The first amendment in the Lords, which passed by a 270 to 229 majority, would give EU citizens the automatic right to stay in the UK, rather than having to apply to the Home Office. It also guaranteed the receipt of physical documentation as evidence of their settled status.
Peers also backed calls to remove ministerial power to select which EU Court of Justice rulings can be disregarded by UK courts, and voted in favour of protecting the independence of the courts concerning EU case law after Brexit.
The government will seek to reverse the amendments when the Withdrawal Bill goes back to the House of Commons, and is likely to succeed given its strong majority.
The bill had passed through the Commons earlier in January without any alterations.

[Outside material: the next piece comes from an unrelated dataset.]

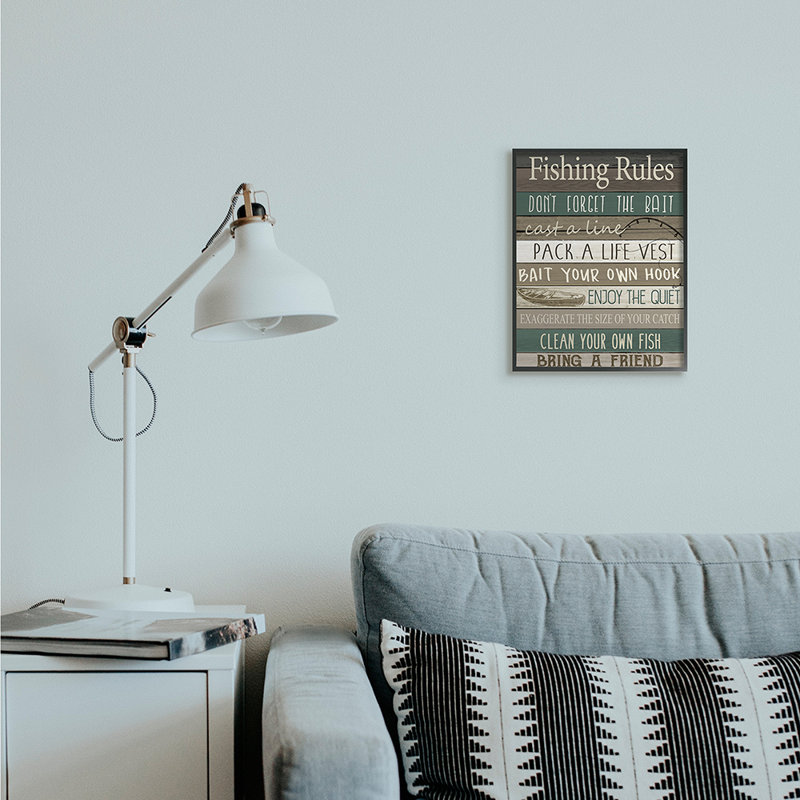 «Rustic Fishing Rules Sign Brown Green Beige» par Kim Allen - impression d'art graphique, H 14 po x l 11 po x P 1,5 po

Over 2.7 million people have applied to the Home Office for settled status, and Liberal Democrat peer Lord Oates said that granting EU citizens the right to remain by default plus documentation confirming their status could avoid a “plethora of problems”, particularly after the damage caused by the Windrush scandal.
Currently, EU nationals have until the end of June 2021 to apply for the right to remain.
Lord Oates said: "This amendment simply seeks to uphold the promise repeatedly made by Boris Johnson that the rights of EU citizens to remain in the UK would be automatically guaranteed.
"It would remove the risk that those who failed to meet the cut-off deadline would be automatically criminalised and subject to deportation.”
The cabinet has reassured that EU citizens will not automatically face deportation if they fail to apply for settled status before the cut-off point.